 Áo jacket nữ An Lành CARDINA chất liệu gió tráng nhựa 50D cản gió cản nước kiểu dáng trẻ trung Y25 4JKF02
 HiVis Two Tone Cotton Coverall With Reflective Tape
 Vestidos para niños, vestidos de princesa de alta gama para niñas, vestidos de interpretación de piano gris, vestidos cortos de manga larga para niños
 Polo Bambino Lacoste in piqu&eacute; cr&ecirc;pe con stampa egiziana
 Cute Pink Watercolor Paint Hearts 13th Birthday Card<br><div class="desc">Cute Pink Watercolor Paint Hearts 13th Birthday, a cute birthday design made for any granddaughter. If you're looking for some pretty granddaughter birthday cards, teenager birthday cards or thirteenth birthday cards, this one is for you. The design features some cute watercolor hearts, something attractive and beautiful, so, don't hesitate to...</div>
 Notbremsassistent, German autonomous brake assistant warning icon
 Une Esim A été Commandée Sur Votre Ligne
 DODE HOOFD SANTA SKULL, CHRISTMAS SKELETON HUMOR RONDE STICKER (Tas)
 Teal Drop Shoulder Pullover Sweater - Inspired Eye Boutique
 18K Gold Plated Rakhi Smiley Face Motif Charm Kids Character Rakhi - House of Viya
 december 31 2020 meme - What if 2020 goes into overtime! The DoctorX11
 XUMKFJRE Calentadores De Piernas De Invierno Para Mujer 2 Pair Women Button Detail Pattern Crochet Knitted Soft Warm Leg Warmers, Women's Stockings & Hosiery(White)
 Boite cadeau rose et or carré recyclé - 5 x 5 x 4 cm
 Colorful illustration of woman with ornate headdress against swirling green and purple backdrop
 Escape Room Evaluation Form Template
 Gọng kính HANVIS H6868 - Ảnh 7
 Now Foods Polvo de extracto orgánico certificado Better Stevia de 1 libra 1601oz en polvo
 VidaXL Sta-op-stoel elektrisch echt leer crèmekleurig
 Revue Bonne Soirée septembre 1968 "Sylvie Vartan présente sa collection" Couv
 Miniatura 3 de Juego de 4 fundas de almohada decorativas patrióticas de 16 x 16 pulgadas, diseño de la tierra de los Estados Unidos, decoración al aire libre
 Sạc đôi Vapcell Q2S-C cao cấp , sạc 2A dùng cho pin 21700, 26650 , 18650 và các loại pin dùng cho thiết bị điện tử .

- _TASK DESCRIPTION_
Repeat word for word from the line holding "Cute Pink Watercolor Paint Hearts 13th Birthday Card<br><div" down to the last line above, including both.

- _SOLUTION_
 Cute Pink Watercolor Paint Hearts 13th Birthday Card<br><div class="desc">Cute Pink Watercolor Paint Hearts 13th Birthday, a cute birthday design made for any granddaughter. If you're looking for some pretty granddaughter birthday cards, teenager birthday cards or thirteenth birthday cards, this one is for you. The design features some cute watercolor hearts, something attractive and beautiful, so, don't hesitate to...</div>
 Notbremsassistent, German autonomous brake assistant warning icon
 Une Esim A été Commandée Sur Votre Ligne
 DODE HOOFD SANTA SKULL, CHRISTMAS SKELETON HUMOR RONDE STICKER (Tas)
 Teal Drop Shoulder Pullover Sweater - Inspired Eye Boutique
 18K Gold Plated Rakhi Smiley Face Motif Charm Kids Character Rakhi - House of Viya
 december 31 2020 meme - What if 2020 goes into overtime! The DoctorX11
 XUMKFJRE Calentadores De Piernas De Invierno Para Mujer 2 Pair Women Button Detail Pattern Crochet Knitted Soft Warm Leg Warmers, Women's Stockings & Hosiery(White)
 Boite cadeau rose et or carré recyclé - 5 x 5 x 4 cm
 Colorful illustration of woman with ornate headdress against swirling green and purple backdrop
 Escape Room Evaluation Form Template
 Gọng kính HANVIS H6868 - Ảnh 7
 Now Foods Polvo de extracto orgánico certificado Better Stevia de 1 libra 1601oz en polvo
 VidaXL Sta-op-stoel elektrisch echt leer crèmekleurig
 Revue Bonne Soirée septembre 1968 "Sylvie Vartan présente sa collection" Couv
 Miniatura 3 de Juego de 4 fundas de almohada decorativas patrióticas de 16 x 16 pulgadas, diseño de la tierra de los Estados Unidos, decoración al aire libre
 Sạc đôi Vapcell Q2S-C cao cấp , sạc 2A dùng cho pin 21700, 26650 , 18650 và các loại pin dùng cho thiết bị điện tử .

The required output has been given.